Landlords shift towards limited companies and specialist investments

Portfolio landlords lead trend as professionalisation of BTL sector accelerates

Landlords shift towards limited companies and specialist investments

The UK’s buy-to-let market is seeing a continued shift towards professionalisation, with a growing number of landlords structuring their property ownership through limited companies, according to new research.

The survey, commissioned by Foundation Home Loans and conducted by Pegasus Insight, found that 60% of landlords planning to purchase a property in the coming year intend to do so via a limited company. This reflects a broader trend over the past five years, during which the proportion of properties held under limited company structures has climbed from 36% to 66%.

Landlords with properties in limited companies tend to have larger portfolios, averaging 14.6 properties, compared with an average of 5.2 for those who hold their entire portfolio in their personal name.

Diversification is another key theme, with specialist investments gaining traction. One in five landlords now owns at least one house in multiple occupation (HMO), a figure that rises to 25% among portfolio landlords. Six percent of landlords reported owning a holiday let, with this figure doubling among landlords with more extensive holdings. On average, landlords with HMOs own 3.6, while those with holiday lets have 1.6 properties in that category. Among landlords with 11 or more properties, 29% include at least one HMO and 12% a holiday let.

Rental yields remain resilient despite ongoing economic pressures. The average gross yield reported was 6.3%, slightly below the 10-year high of 6.5% seen in Q3 2024. Meanwhile, 84% of landlords indicated their letting businesses remain profitable. Seventeen percent reported strong profits, and 67% noted modest gains. Among portfolio landlords with four or more mortgages, 80% continued to report positive earnings despite higher costs.

Refinancing is expected to remain a key trend throughout 2025. Thirty-eight percent of landlords with mortgages intend to remortgage or carry out a product transfer within the next 12 months. Portfolio landlords expect to refinance an average of three loans, with fixed rate products remaining the preferred option. Of those favouring fixed deals, 32% are leaning towards a two-year fix, while 35% favour a five-year term.

Foundation Home Loans said the preference for fixed products indicates continued caution around interest rate movements.

Regulatory developments also remain top of mind for landlords. The planned removal of Section 21 no-fault evictions emerged as their most pressing concern, ahead of broader changes proposed in the Renters’ Rights Bill. In addition, landlords are increasingly worried about looming energy efficiency standards. Key issues cited include the cost of meeting requirements, lack of clarity on deadlines, and the perceived imbalance between regulatory demands and support for private rental sector (PRS) supply.
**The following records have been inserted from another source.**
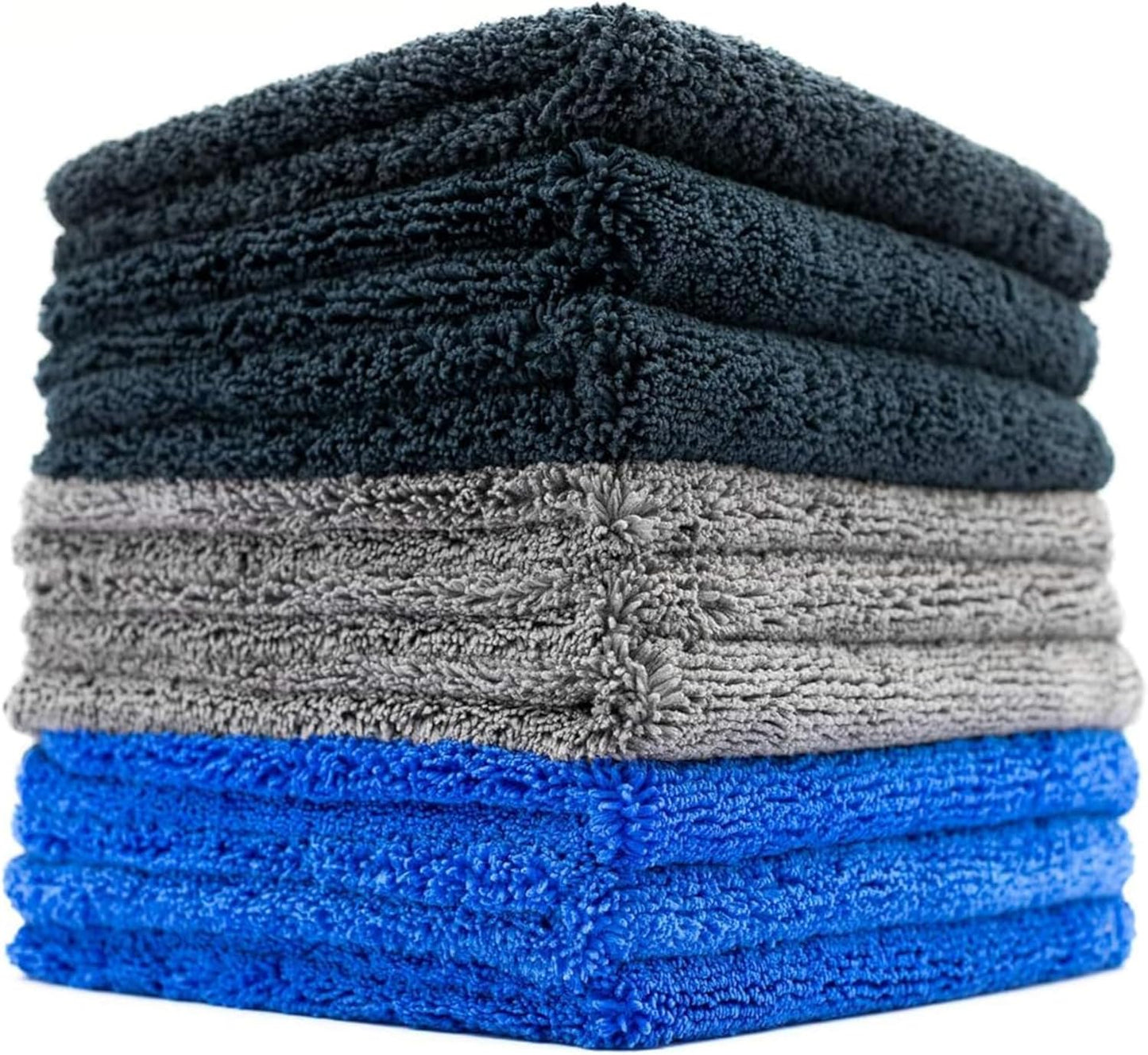 The Rag Company - Drying Towels for Car Detailing - Premium Microfiber Cloth Perfect for a Streak-Free Finish - Spectrum 420 Dark Pack - 420 GSM, 16" x 16" (9-Pack)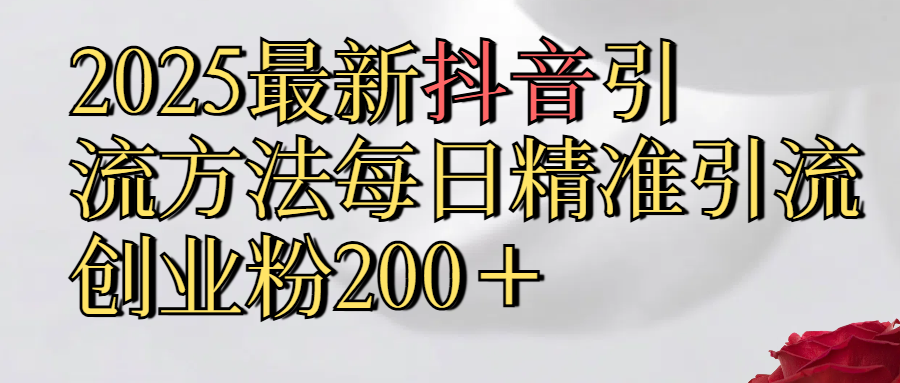 2025最新,抖音引流,方法每日精准引流创业粉300＋-金点子优创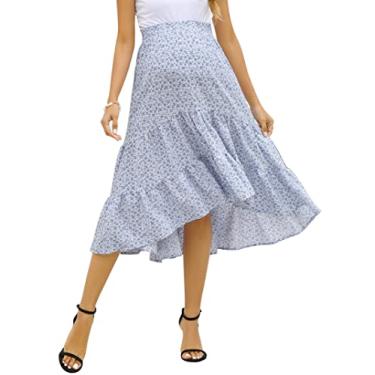 Imagem de FUNJULY Roupas femininas para gestantes, saia de praia longa, vestido de maternidade para sessão de fotos, G-azul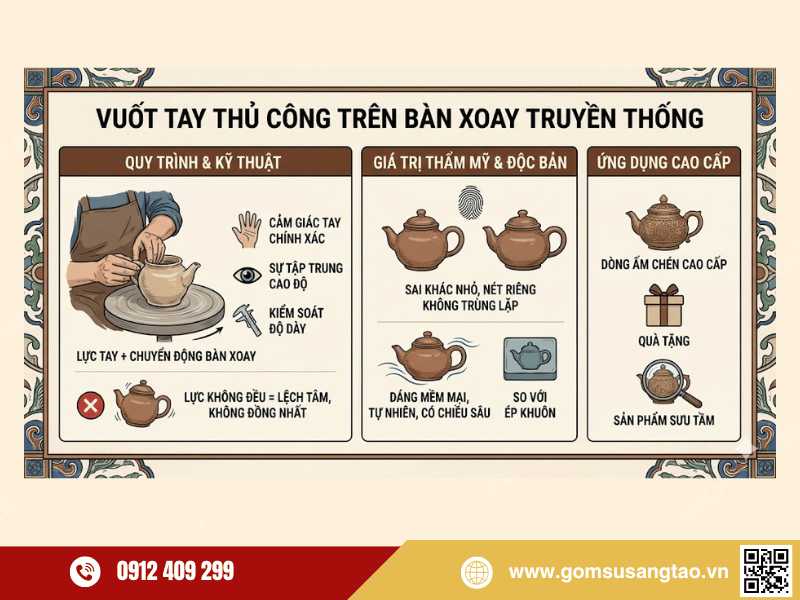 Tạo hình ấm chén thủ công trên bàn xoay gốm Bát Tràng Tạo hình ấm chén thủ công trên bàn xoay gốm Bát Tràng
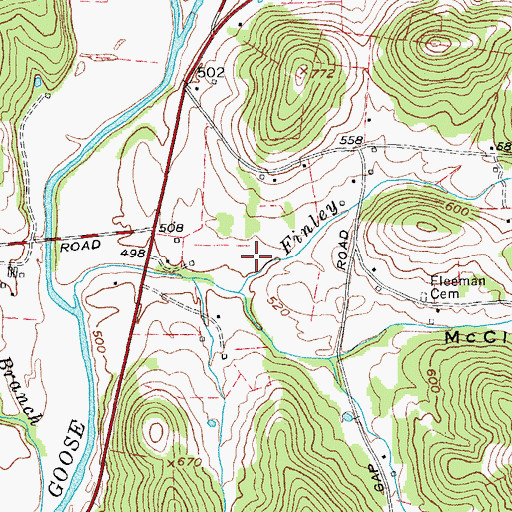 Topographic Map of Woodmore Hollow, TN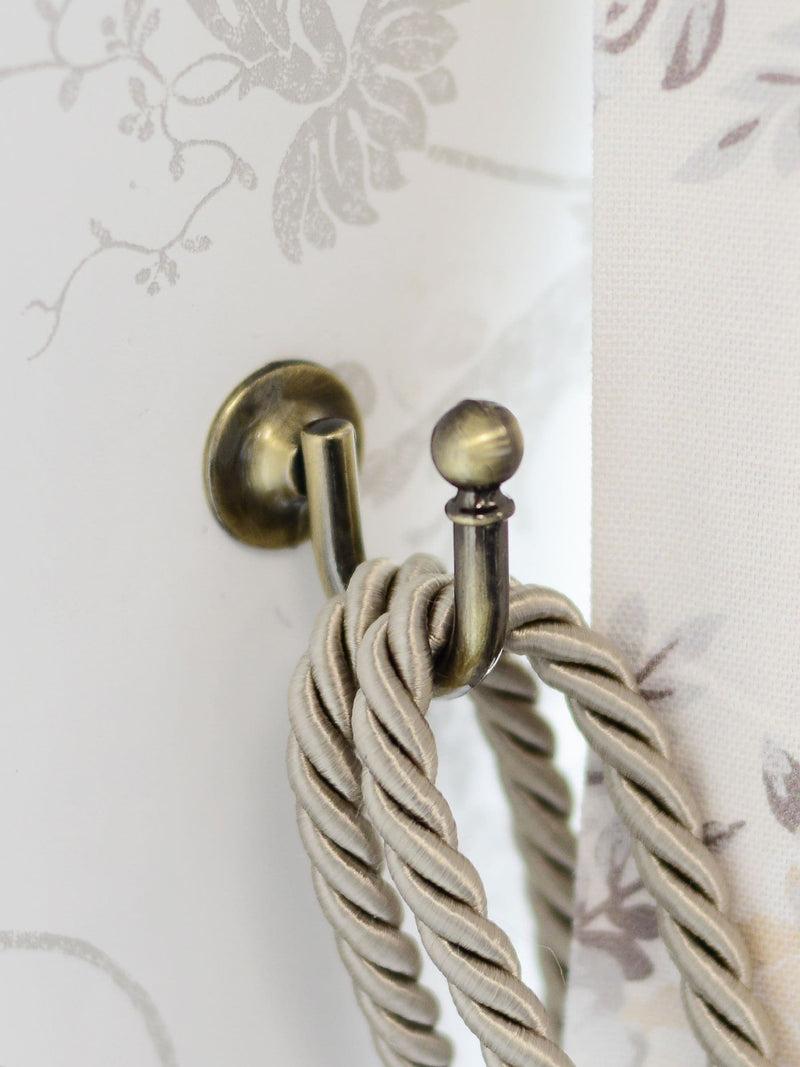 Laura Ashley brass ball end curtain hooks pair, imported from the UK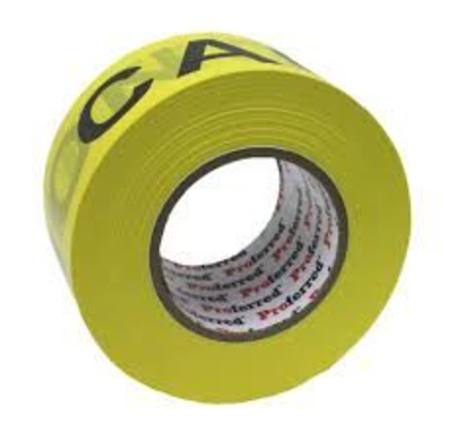 PROFERRED YELLOW/BLACK CAUTION TAPE 2.8" X  1000FT/304MTR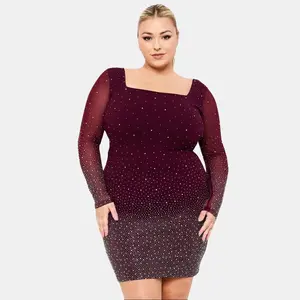 Gloria Long Sleeves Ombre Rhinestone Mesh Plus Size Mini Dress Womenswear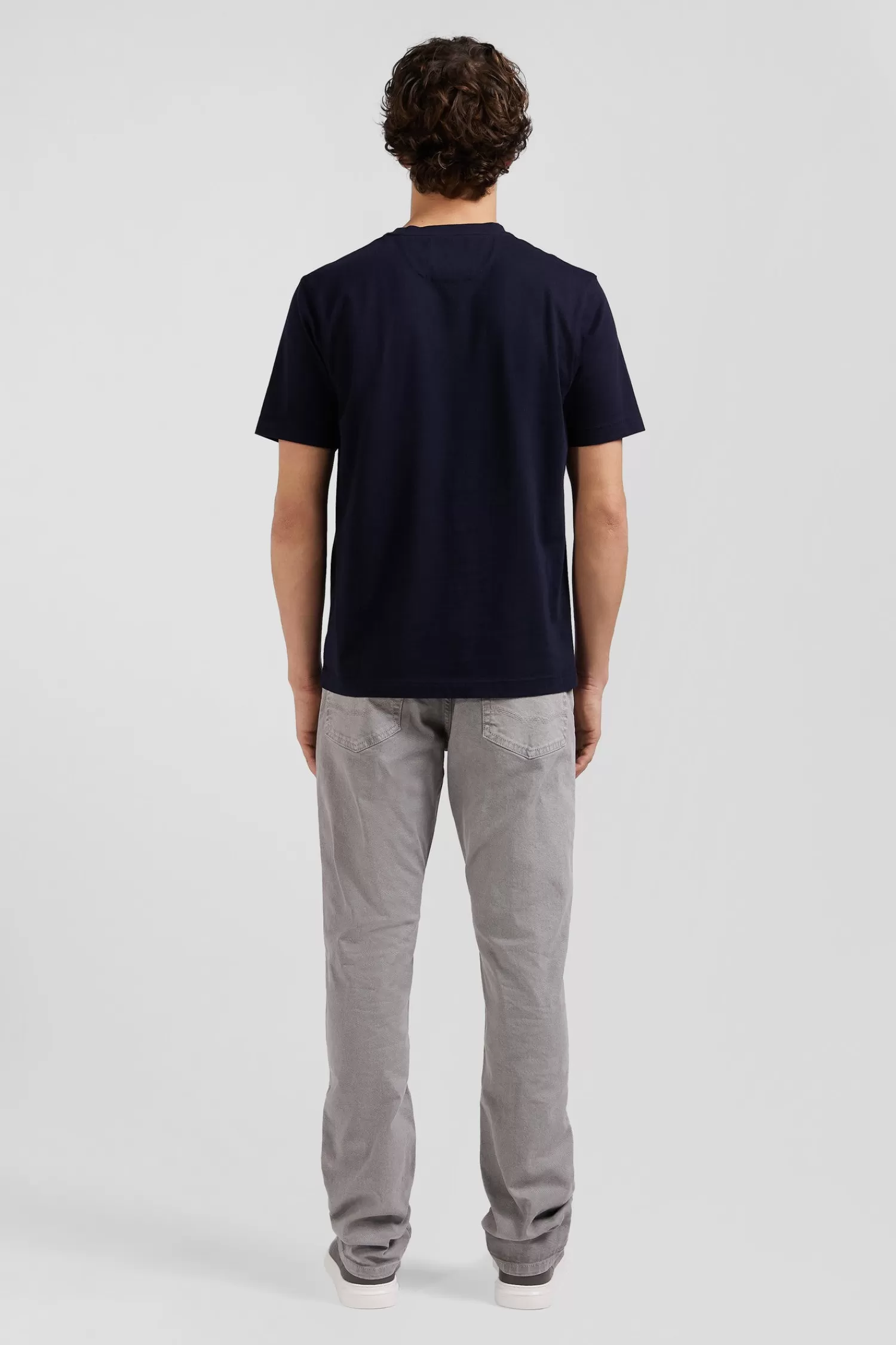 Eden Park Regular navy blue short-sleeved cotton T-shirt with tie patchwork emblem< T-shirts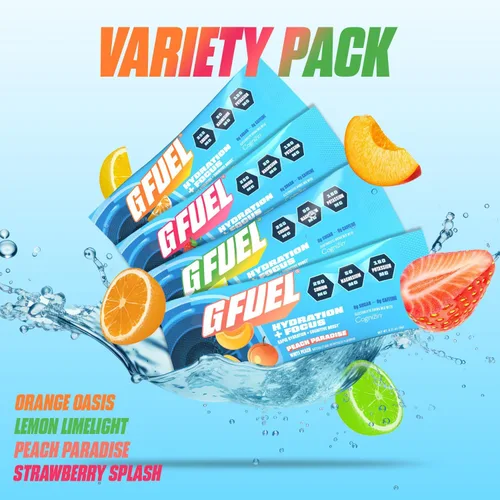 Miniatura 2 de G Fuel Electrolitos en polvo para hidratación y concentración instantáneas Paquete variado de electrolitos sin azúcar de limón, naranja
“The story behind this quarter’s data is one of continuing evolution and resilience within the landlord community,” commented Grant Hendry (pictured), director of sales at Foundation Home Loans. “Incorporation is no longer a niche strategy, it’s a mainstream structural approach, especially for landlords who are expanding or refinancing.

“Specialist property investment is also a major theme, and it is interesting to see that larger portfolio landlords are targeting areas such as holiday lets, more than doubling their holdings of these properties.”

“Whether it’s holiday lets, HMOs or multi-unit blocks, landlords are clearly broadening their portfolios in ways that demands deeper product expertise and flexible criteria. This is where advisers and specialist lenders can offer tangible value.”